As a member of the Judiciary Committee, Stevens, who is an attorney, will hear bills that deal with civil and criminal laws, judicial proceedings, apportionment of elected officials and governing bodies, all matters related to courts and law enforcement.
As a member of the State and Local Government Committee, Stevens will consider issues dealing with liquor sales, utility districts, employees, ordinances, boundary lines, veterans affairs, penal and correctional institutions and election laws.
The General Assembly is on a brief recess while office assignments are made. The state Legislature will reconvene Jan. 28. Gov. Bill Haslam is scheduled to deliver his budget address at 6 p.m. Jan. 28.
According to Stevens’ news release, the top issues facing the state Legislature this session are job creation, health care, court reform, workers’ compensation, education reform and consideration of a balanced budget that continues to phase in tax reduction measures passed during the last General Assembly.
Stevens released some positive financial news as part of his legislative news release. Year-to-date collections for the first quarter of the current fiscal year were $68.6 million more than the budgeted estimate.
Tennessee’s State Funding Board met in December and agreed to a revised tax revenue growth forecast for the current 2012-13 fiscal year of 1.91 to 2.65 percent with growth of the general fund set at 1.98 to 2.85 percent.

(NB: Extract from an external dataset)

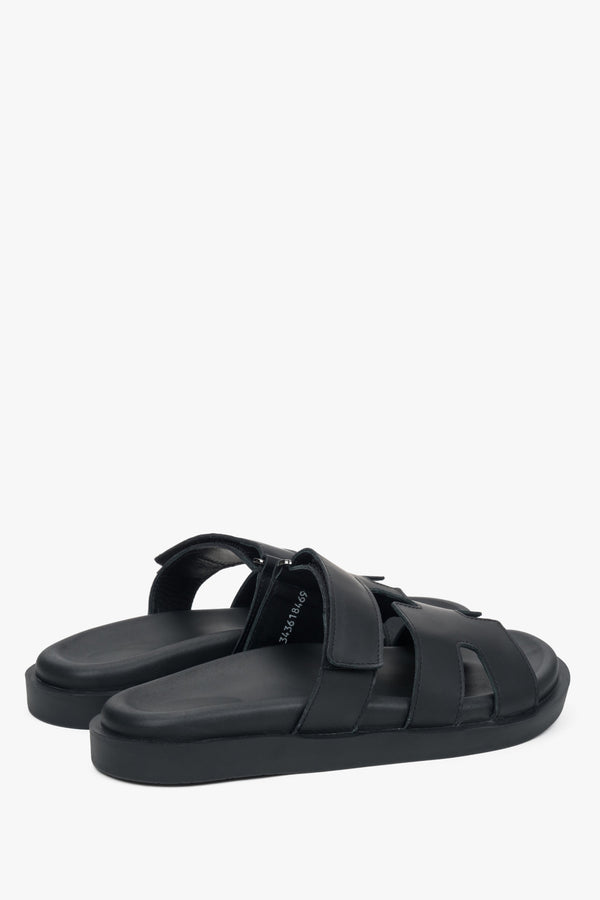 Minimalist black flat sandals Estro for everyday summer wear.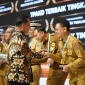 Wali Kota Pontianak Edi Rusdi Kamtono saat menerima TPAKD Award 2026 dalam Rapat Koordinasi Nasional (Rakornas) Tim Percepatan Akses Keuangan Daerah (TPAKD) di JIExpo Kemayoran, Jakarta, Kamis (22/10/2026).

For the upcoming fiscal year, the funding board projected tax revenue growth of 2.55 to 3.49 percent, with growth in the general fund set at 2.74 to 3.89 percent.
If state revenues perform according to projections, Tennessee could have anywhere from $264 million to $375 million available for the next budget year, according to Stevens’ news release.
“The surplus will help as Tennessee braces for potential cuts from Washington,” the news release states. “In addition, there are huge financial concerns regarding the cost of the Patient Protection and Affordable Care Act (Obamacare) to Tennessee as officials estimate the federal health care reform law will cost the state up to $1.4 billion in its first 51⁄2 years.
“The lack of a permanent solution regarding cuts in Washington leaves states with little clue about how much their share of federal revenue will shrink this year. However, it was estimated that Tennessee’s share could be as high as $85 million under the previously adopted sequestration plan. Since prospects are high for another federal showdown in March, this means Tennessee must be very conservative in state spending plans.”
Stevens said it will be a challenging year given the federal mandates from Washington that will put stress on our budget, but he’s looking forward to hearing Governor Haslam’s proposal Jan. 28.
“Unlike Washington, Tennessee has a constitutional requirement for a balanced budget,” he said. “I look forward to working with my colleagues as we manage Tennessee’s finances in a fiscally responsible manner.”
Stevens announced Has-lam has requested state departments and agencies identify 5 percent in potential cuts, in case they’re needed. He said the governor also want to prioritize sending for the most critical areas of state government.